If we now think about what was happening in the world round the time as McLuhan puts it as the detribalization era. During this time we discovered how use different techniques such as Henry Fords product line to mass produce object faster and cheaper which then lead to the Industrial Revolution which was a period were these new manufacturing processes give rise to new media forms such as comics, and newspapers.

During what McLuhan calls the Retriblzation era we can see a cultural shift in our society, as old modernism ideologies were being push aside with new postmodernism’s idea. “So while modernism tended to search for meaning and truth, postmodernism appears to accept that the pursuit for such universal truth is futile.” (Creeber,2009, p.3) With these new postmodernism Idea we seen the rise of pop culture as we used new ways of thinking to mass-produce culturally products. For example Andy Warhol used these new ways in thinking to become one of leading figure in the visual art movement known as pop art. This is why Warhol’s work is often conceived as intrinsically.

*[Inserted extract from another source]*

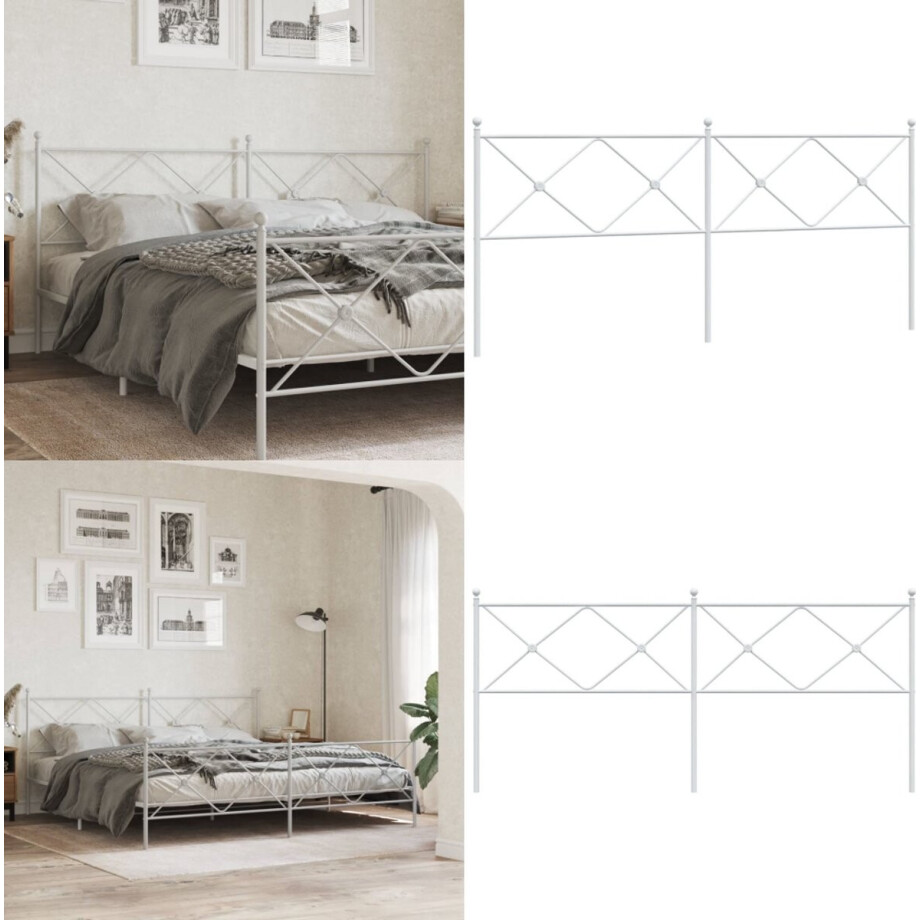 vidaXL Hoofdbord 193 cm metaal wit - Hoofdbord - Hoofdborden - Hoofdeinde - Metalen Hoofdbord afbeelding 1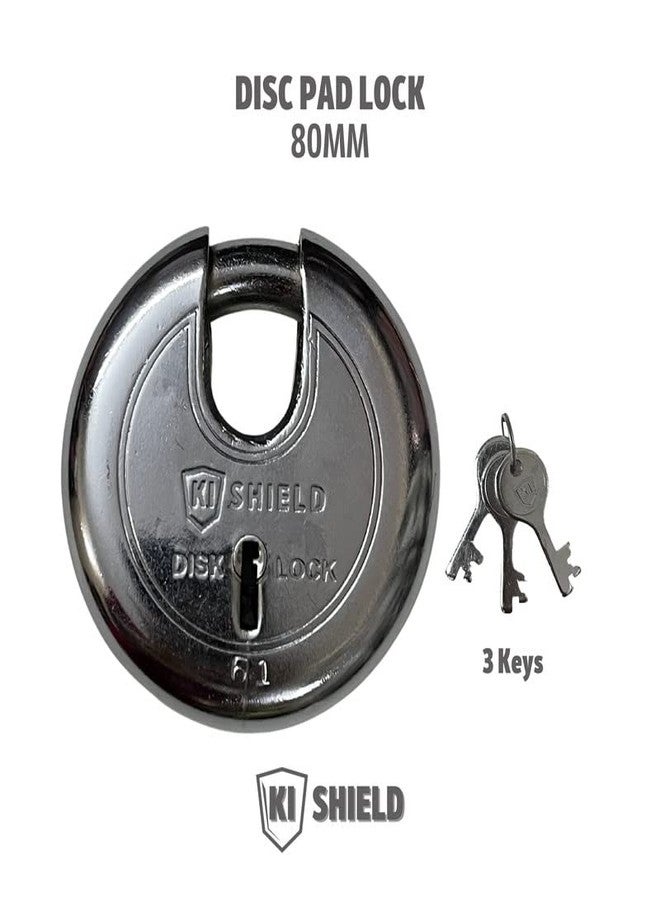 KI SHIELD 1008 DISC PAD Lock 80mm Long Shackle | 8 Levers, 3 Keys | Silver Chrome Plated Finish | Keyed Padlocks | Shutter Lock, Gate Lock | Heavy Welded Alloy Steel Body | - Image 3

During the Industrial Revolution we seen the necessary advancement in technologies through modernism cultural ideological values and new manufacturing processes to form a society where postmodernism values where a common thing. Through these new ideas we can see the foundations that new media have been set on. All new media content can be mass-produced at a click of a button, we have begun to simply pick what identities we want to adopt and what ones we want to reject. This allows the individual to decide how they define themselves rather than having to stick to the limited numbers of choices which are set out form are past events.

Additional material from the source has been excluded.